Neste período de 27 dias, o Governo de Passos Coelho concretizou a venda de 61% da TAP e aprovou medidas que pretendiam prolongar cortes de salários e a sobretaxa para o próximo ano. As propostas quanto aos salários e à sobretaxa foram travadas pela maioria de esquerda – caucionada pelo presidente da Assembleia da República – que consideraram uma exorbitação de competências de um executivo em gestão.
Quando tomou posse, a 30 de Outubro, Passos Coelho fez um discurso como se não estivesse a ser preparado à esquerda o derrube do Governo apoiado por PSD-CDS, que seria consumado dias depois. O primeiro-ministro apelou à “construção de entendimentos a todas as forças políticas, cívicas e sociais” e enumerou duas prioridades: o combate às desigualdades sociais e impulsionar a modernização administrativa.
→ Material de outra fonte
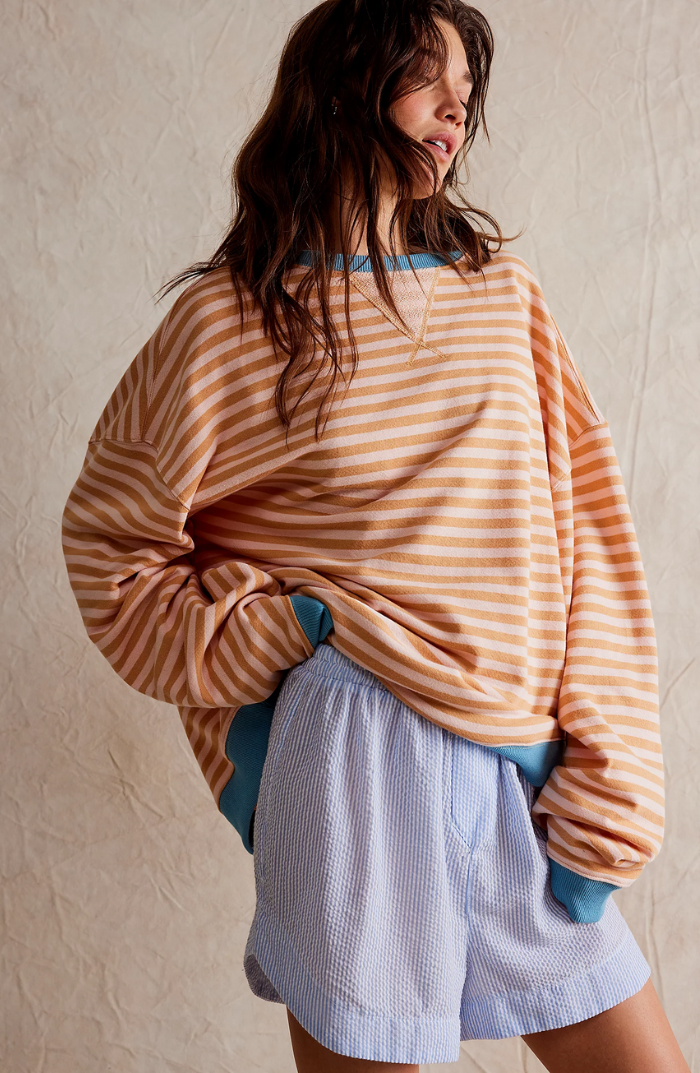 Women's Oversized Striped Sweatshirt with Contrast Trim and Drop Shoulders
E prometeu desenvolver uma “política positiva que contraria o medo com a esperança e o cinismo com o trabalho dedicado ao serviço de todos os portugueses”.
Apesar de ser constituído por um elenco governativo em boa parte herdado do anterior executivo PSD-CDS, o tom era o de aparente normalidade. Foi nesse espírito que o recém-empossado ministro da Administração Interna, João Calvão da Silva, visitou o centro de Albufeira varrido por um forte temporal que causou uma vítima mortal e avultados danos materiais. Considerou o temporal uma “lição de vida”, ao defender que os comerciantes deveriam ter um seguro, em vez de gastarem o dinheiro “aqui e além”, e disse que o homem que morreu “se entregou a Deus”. Causou embaraço.
Cinco dias depois de tomar posse, o XX Governo Constitucional aprovou, em Conselho de Ministros, o programa e as medidas extraordinárias sobre os cortes na função pública e a sobretaxa de IRS para 2016, tendo em conta que não haverá um Orçamento do Estado em vigor a partir de 1 de Janeiro do próximo ano. Essas propostas de lei acabaram por ficar na gaveta. É que entretanto o programa de governo foi chumbado e o executivo entrou em gestão.
No momento de as propostas serem agendadas para debate no Parlamento, o PS, PCP, BE e PEV vetaram-nas por considerarem que excedem as competências de um governo em gestão. Acabaram por ser transformadas em projectos de lei das bancadas parlamentares do PSD e do CDS, que são debatidas esta quinta-feira à tarde, em conjunto com outros projectos do PS.
Com um chumbo prometido, Passos Coelho usou o tempo máximo – dez dias – para agendar o debate do programa de governo. No arranque da discussão, o então primeiro-ministro ensaiava já o discurso contra as “jogadas políticas de poder” – os acordos à esquerda só seriam assinados no dia seguinte – e anunciava que iria fazer oposição.
Apesar de a convergência à esquerda estar em fase de conclusão, Passos Coelho manteve as prioridades do Governo – a demografia, o combate às desigualdades sociais, a defesa do Estado social, a modernização administrativa, a reforma da Segurança Social e o reforço da competitividade da economia.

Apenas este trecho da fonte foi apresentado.